What you should do:
Only the lines from the line with "韩玉66玉米种，新品推荐：高效抗倒伏的韩玉66玉米种" through the end of the records belong in your reply, copied exactly, with every picture left out.

[Captioned web images]
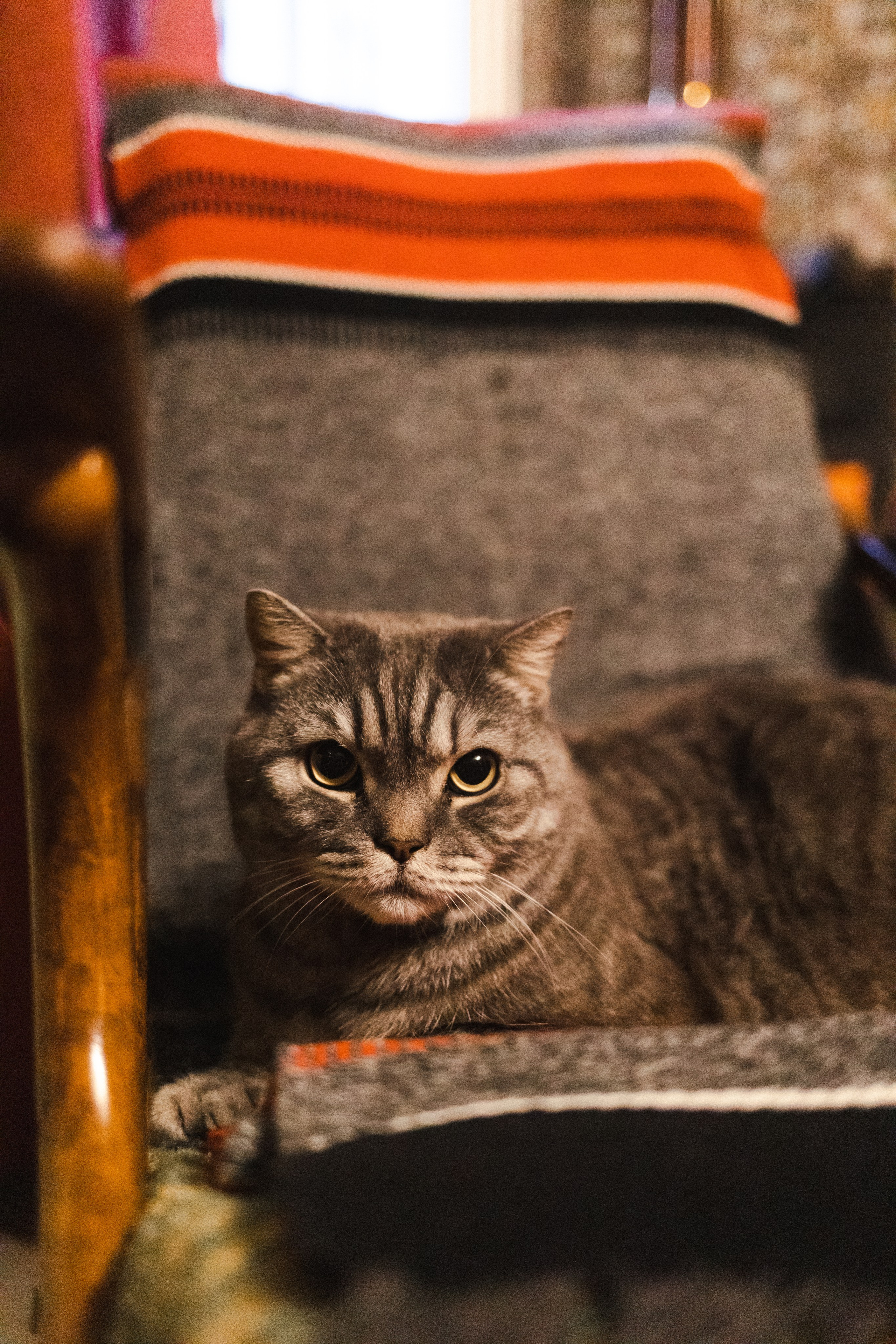 Five o'clock (история большой семьи). Семейный фотограф в Москве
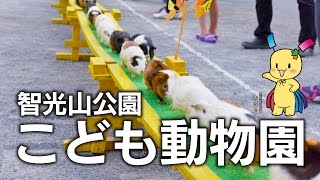 狭山市　動物園　智光山公園こども動物園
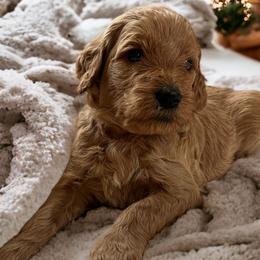 Velvet- light purple - Apricot Goldendoodle puppy in Augusta, Maine from Bridgewood Doodle Farm LLC.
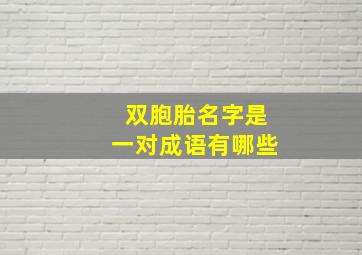 双胞胎名字是一对成语有哪些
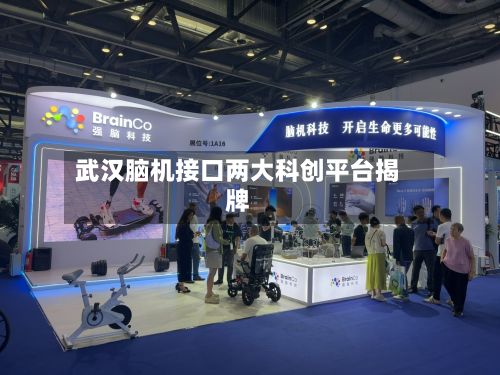 武汉脑机接口两大科创平台揭牌-第2张图片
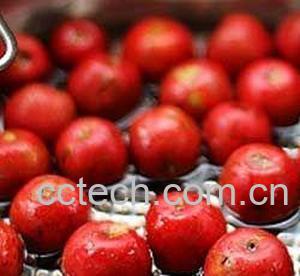 果蔬百科吃山楂的坏处 空腹吃山楂胃里长石头-0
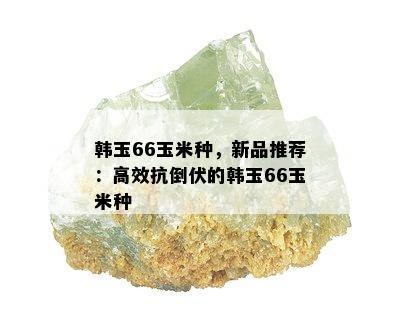 韩玉66玉米种，新品推荐：高效抗倒伏的韩玉66玉米种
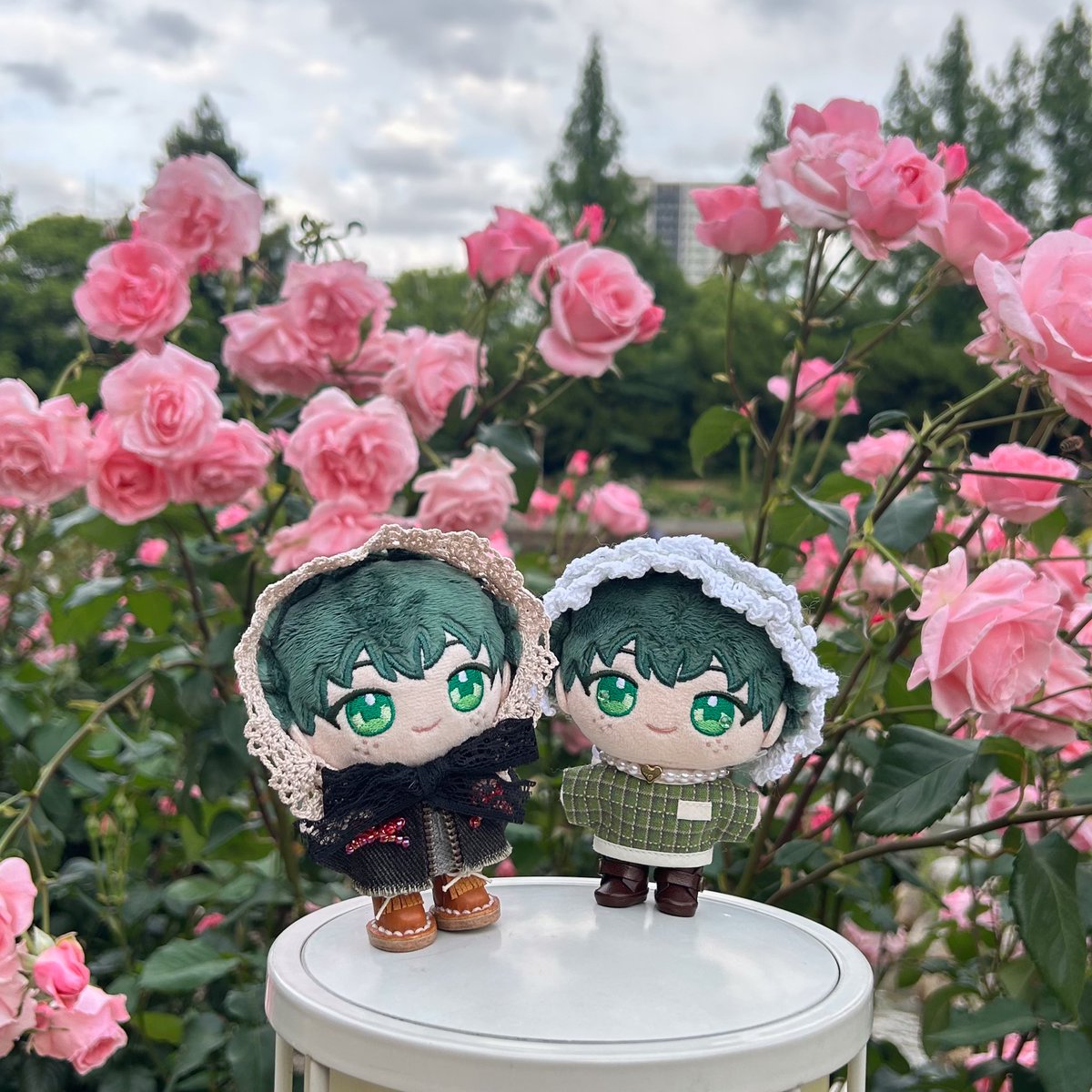 #知名度はないけど我が家の可愛いぬいちゃんを見てください 

🥦くん♡
FFさんに便乗させてもらいました🧸⋆꙳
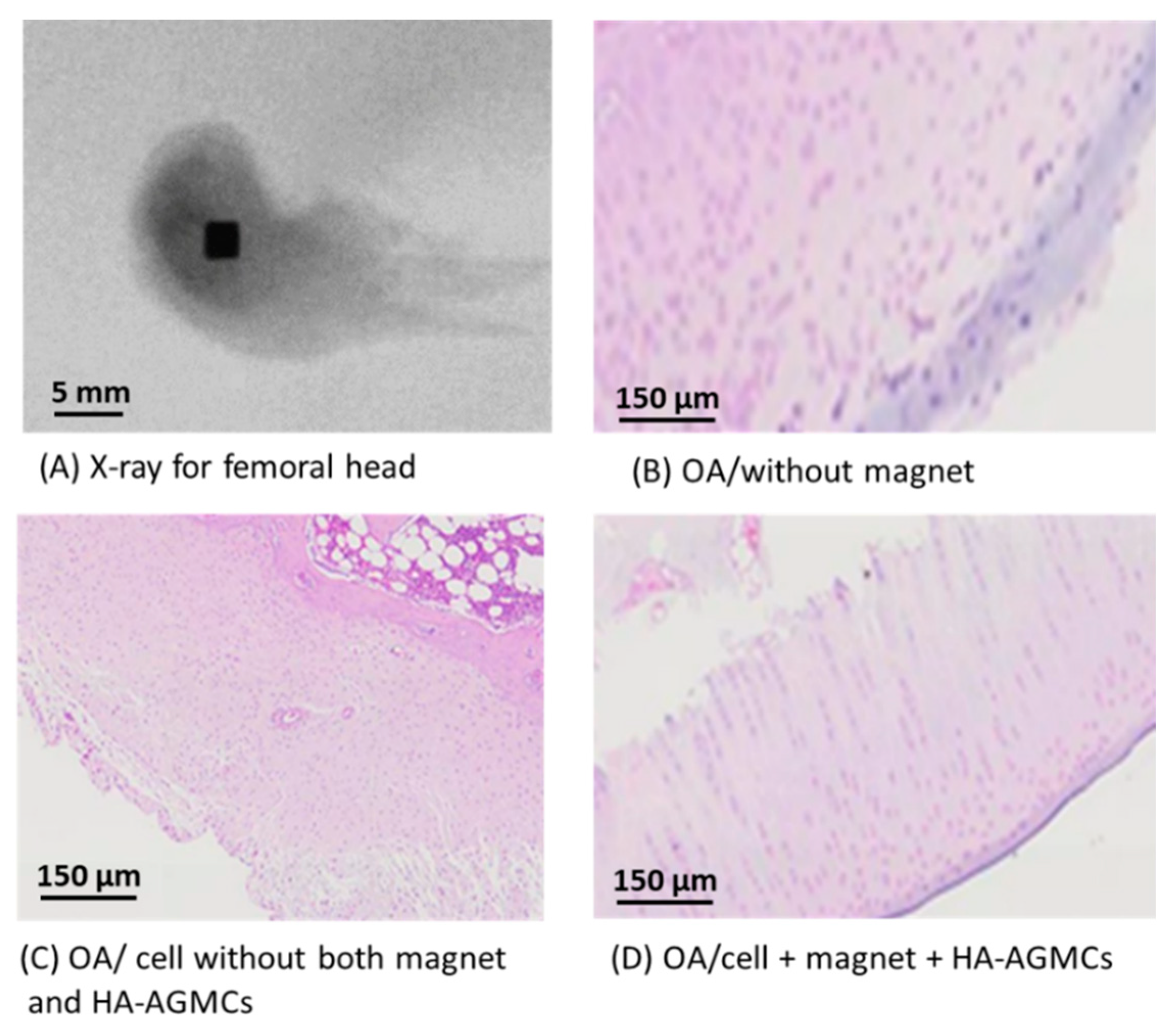 Polymers 12 00785 g008 Polymers 12 00785 g008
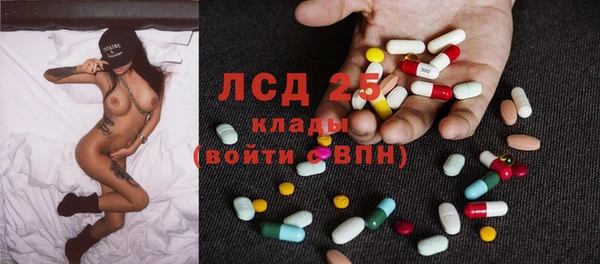 шишки Белокуриха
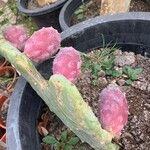 Opuntia ficus-indica Fruct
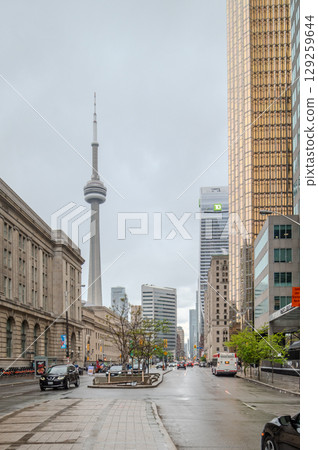 Toronto city skyline in summer, Toronto, Canada 129259644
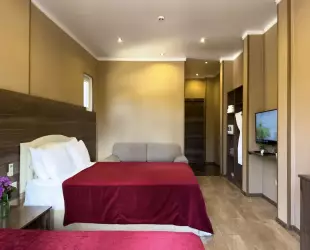 Трёхместный однокомнатный Супериор  c балконом 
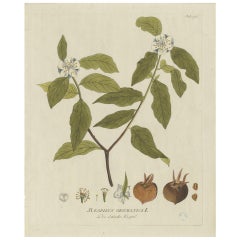 Stampa antica di botanica del Mespilus Germanica di Plenck "circa 1790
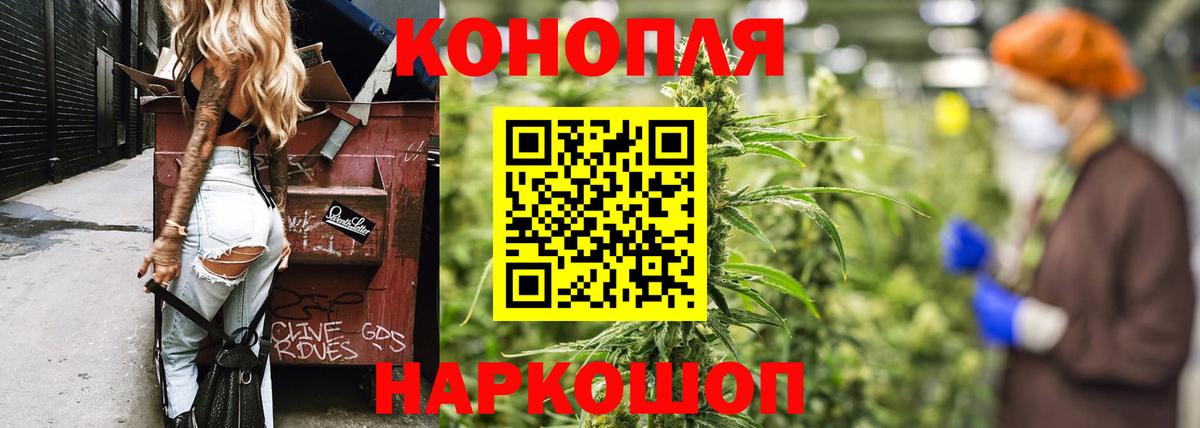 Конопля OG Kush  Вход с VPN  Бошки Шишки ГИДРОПОН  Рязань  Бошки Шишки планчик  Марихуана семена 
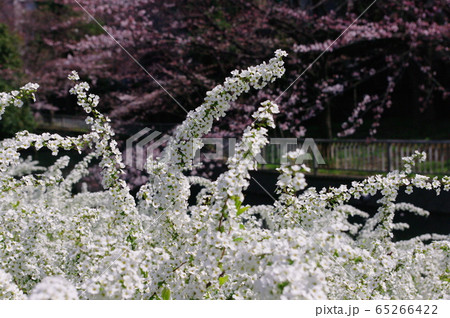 【春のイメージ】満開のユキヤナギと桜の背景 65266422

Response:
 韩玉66玉米种，新品推荐：高效抗倒伏的韩玉66玉米种
 #知名度はないけど我が家の可愛いぬいちゃんを見てください 

🥦くん♡
FFさんに便乗させてもらいました🧸⋆꙳
 Polymers 12 00785 g008 Polymers 12 00785 g008
 шишки Белокуриха
 Opuntia ficus-indica Fruct
 Toronto city skyline in summer, Toronto, Canada 129259644
 Трёхместный однокомнатный Супериор  c балконом 
 Stampa antica di botanica del Mespilus Germanica di Plenck "circa 1790
 Конопля OG Kush  Вход с VPN  Бошки Шишки ГИДРОПОН  Рязань  Бошки Шишки планчик  Марихуана семена 
 【春のイメージ】満開のユキヤナギと桜の背景 65266422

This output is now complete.